UK-style shareholder stewardship is a global legal misfit because it was designed for a jurisdiction with dispersed shareholding where institutional investors collectively control a majority of the shares but has been transplanted into jurisdictions where controlling shareholders predominate. What ought to be the role of shareholder stewardship in a world dominated by controlling shareholders? This chapter analyzes the effectiveness of shareholder stewardship in advancing ESG in controlled jurisdictions then evaluates the effectiveness of the only stewardship code – the Singapore Family Code – to have attempted to reorient UK-style stewardship to a controlling shareholder environment. It concludes that prospects for shareholder stewardship in jurisdictions where controlling shareholders predominate are likely limited. Although a reoriented approach may help nudge controlling shareholders towards ESG, hard law will likely be needed to bring about real change. This suggests that shareholder stewardship may be used as a smokescreen by controlling shareholders and governments, sending a formal signal that they are addressing ESG when functional change is limited in practice.

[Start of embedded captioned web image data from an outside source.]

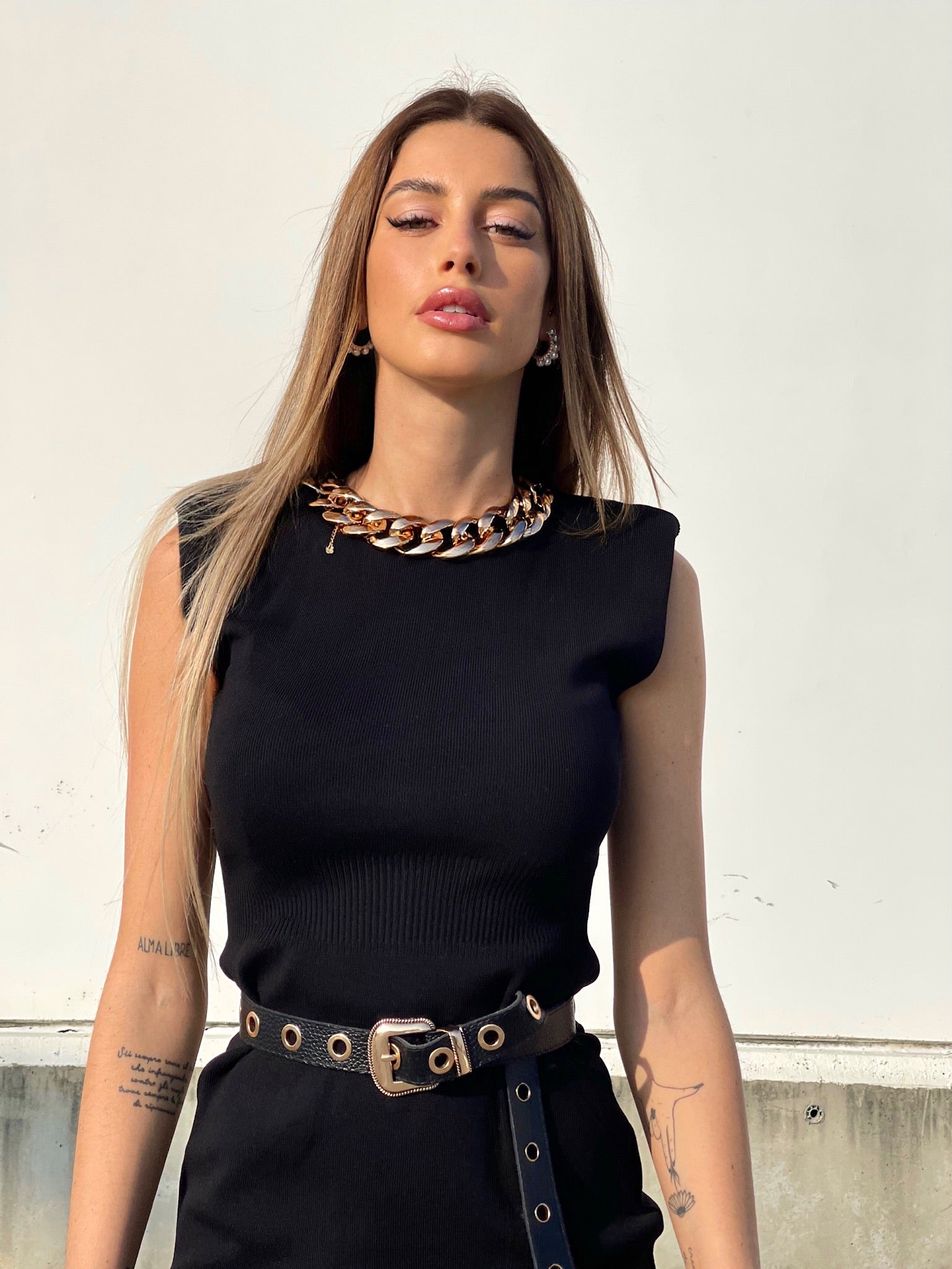 Abito in maglia nero con catena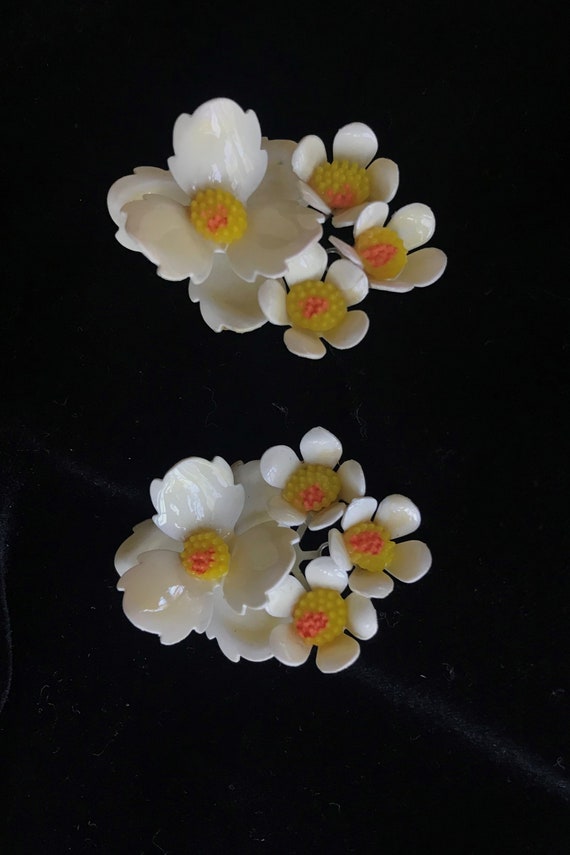 Vintage White Flower Bracelet And Earrings - image 3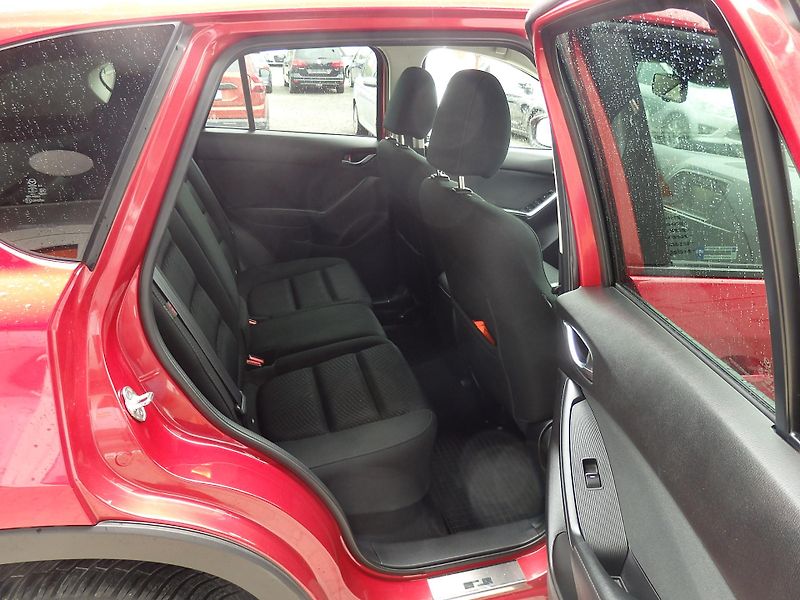 Mazda CX-5 2.0i SKYACTIV-G AWD 1. MAJITEL - fotka 9 z 15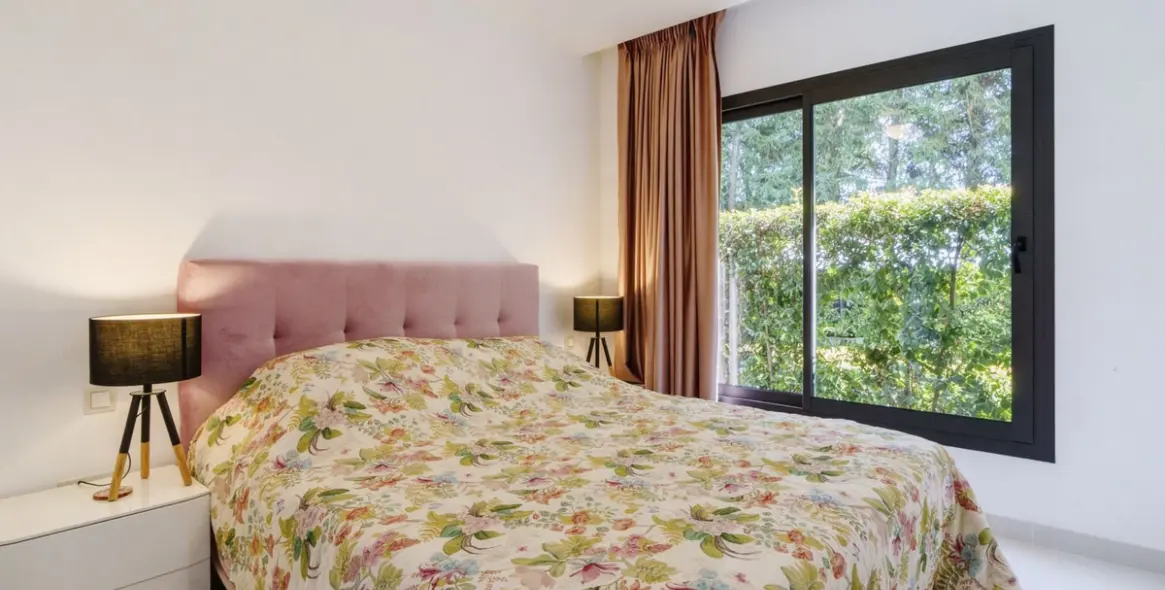 Продажа апартаментов на среднем этаже в New Golden Mile 24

This is the first in-depth comparative and empirical analysis of shareholder stewardship, revealing the previously unknown complexities of this global movement. It highlights the role of institutional investors and other shareholders, examining how they use their formal and informal power to influence companies. The book includes an in-depth chapter on every jurisdiction which has adopted a stewardship code and an analysis of stewardship in the world's two largest economies which have yet to adopt a code. Several comparative chapters draw on the rich body of jurisdiction-specific analyses, to analyze stewardship comparatively from multiple interdisciplinary perspectives. Ultimately, this book provides a cutting-edge and comprehensive understanding of shareholder stewardship which challenges existing theories and informs many of the most important debates in comparative corporate law and governance.